Das Usability Testing umfasst das Testen des Prototypen an ausgewählten Testpersonen. Diese ähneln jeweils unseren Personas der zuvor definierten Zielgruppe. Das Usability Testing ist besonders wichtig um Fehler frühzeitig zu erkennen und zu beheben. Wir hielten fest, dass die App noch nicht ausgereift war. Das Ziel des Testings ist es, ein authentisches Feedback zu erhalten und die Benutzerfreundlichkeit unserer Web-App feststellen zu können. Fragen waren dabei folgende:

• Wie gehen sie mit der Web-App um?
• Mit welchen Menüpunkten und Buttons interagieren sie?
• Was halten sie vom Design?

Ausserdem helfen Interviewleitfäden mit kleinen Aufgaben die Evaluationsziele des Testings zu erreichen.

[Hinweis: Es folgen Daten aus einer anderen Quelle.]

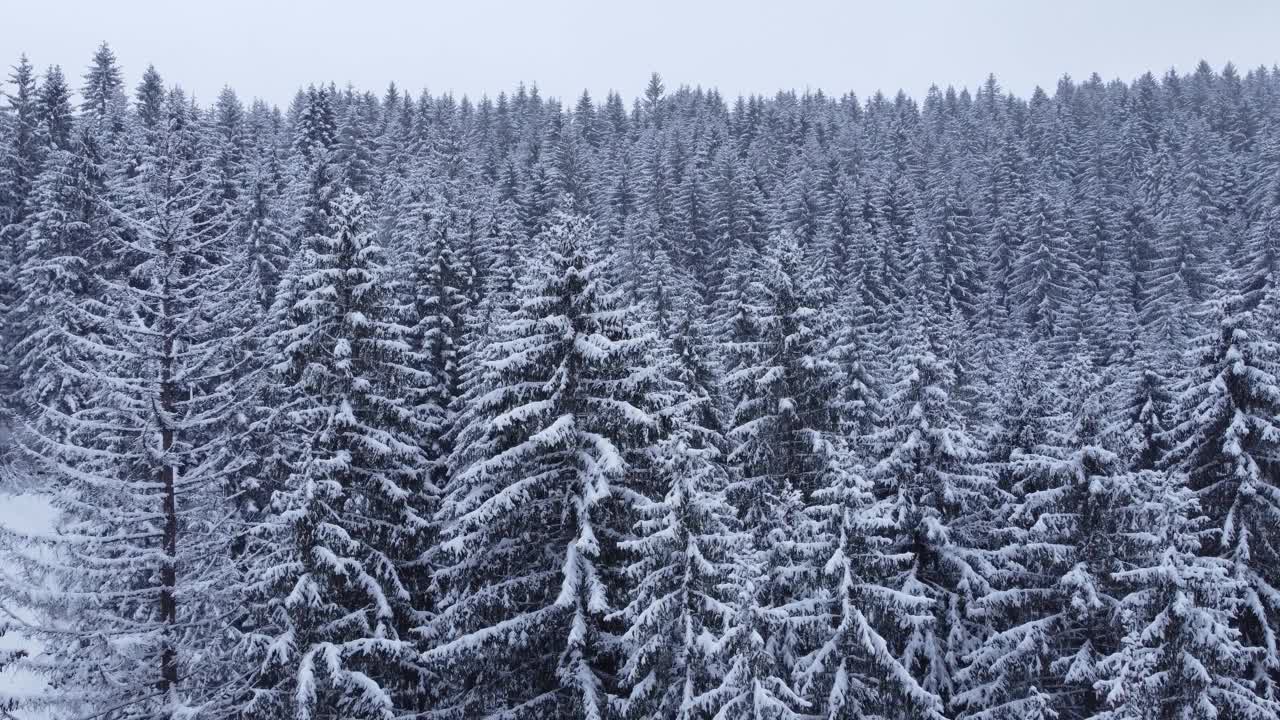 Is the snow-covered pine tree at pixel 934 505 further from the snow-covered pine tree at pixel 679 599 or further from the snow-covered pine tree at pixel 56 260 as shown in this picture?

Fragen waren für uns folgende:

• Sind die Prozessschritte nachvollziehbar?
• Können die einzelnen Aufgaben umgesetzt werden?
• Sind die visuellen Elemente der App ansprechend?
• Sind alle Menüpunkte logisch geordnet oder fehlt noch etwas?
• Wie ist der Gesamteindruck der App?

Wurden die Feedbacks eingeholt, werden die Ergebnisse daraus ausgewertet und beim Prototypen angepasst. Das Resultat könnt ihr hier beim aktuellen Prototypen ansehen.

(dbo)

Geruschas Devise

Ursprung

Wir haben während des Studiums gemerkt, dass wir uns beide seit einigen Jahren mit Rätoromanisch auseinandersetzen, und auch das Idiom Sursilvan lernen. Eines Tages kamen wir auf die Idee, ein Tool, welches wir uns immer gewünscht hatten, selber im Rahmen eines Digezz-Projektes zu produzieren. Zusätzlich wollten wir standortübergreifend ein Projekt lancieren. Da wir nicht am gleichen Ort studieren, planten wir die Projektarbeit virtuell und gelegentlich im Atelier in Bern durchzuführen. Das gab uns noch einen grösseren Reiz, dieses Projekt zu verwirklichen. Dieses Projekt diente uns als Show-Reel, indem wir alles Wissen aus allen bisherigen Modulen reininvestieren wollten: Sei es das Wissen aus Interaktien Medien, wie wir eine progressive WebApp bauen können oder das Wissen aus Schreiben und Sprechen, wie wir uns als Producer sprachlich in unserem Firmenauftritt positionieren. Das Wissen aus Visualisieren, Corporate Communication und Design Thinking half uns ausserdem, die Prozesse einzuteilen und ein CI zu entwickeln.

Vorbereitung

Angang Februar 2021 haben wir feste Wochentage eingeplant, an welchen wir an unserem mehrmonatigen Projekt arbeiten konnten. Wir haben in der Planungsphase zu Beginn des Projekts auch viele Erfahrungen betreffend Lehrbüchern, Unterrichtsarten und Onlinenachschlagewerken ausgetauscht. Zusätzlich haben wir beschlossen, wieder intensiver Sursilvan zu lernen und gingen einmal die Woche neben unserer Projektarbeit in den Sursilvan-Unterricht.

Während des Projekts

Ich konnte die Inputs während den Coachings, gerade für einen Pitch für Datenbanken, sehr gut umsetzen. Alle Slides und Unterrichtsmaterialien in allen Fächern, jedoch besonders bei Interaktiven Medien von Simonne Bossiers hat mir sehr weitergeholfen. Ein wichtiges Element bei diesem Projekt war die Möglichkeit, die gewonnen User Insights richtig zu verstehen, und lieber zwei- oder dreimal nochmals nachzufragen, um genau zu wissen in welchen Situationen die zukünfitegen Benutzer unserer App dies auch nützen, und die für die Gestaltung des Prototypen zu benützen. Ausserdem arbeite ich sehr gerne mit Arbër im Projekt zusammen, da wir sehr unterschiedliche Herangehensweisen haben. Mit Arbër weiss ich, dass alles von Grund auf gut durchdacht ist, dass wir jeden Arbeitsschritt abschliessen und auch den Überblick haben. Ich bin eher die Chaotin welche viele Ideen hat, und sich schnell einmal in einem Arbeitsschritt verliert.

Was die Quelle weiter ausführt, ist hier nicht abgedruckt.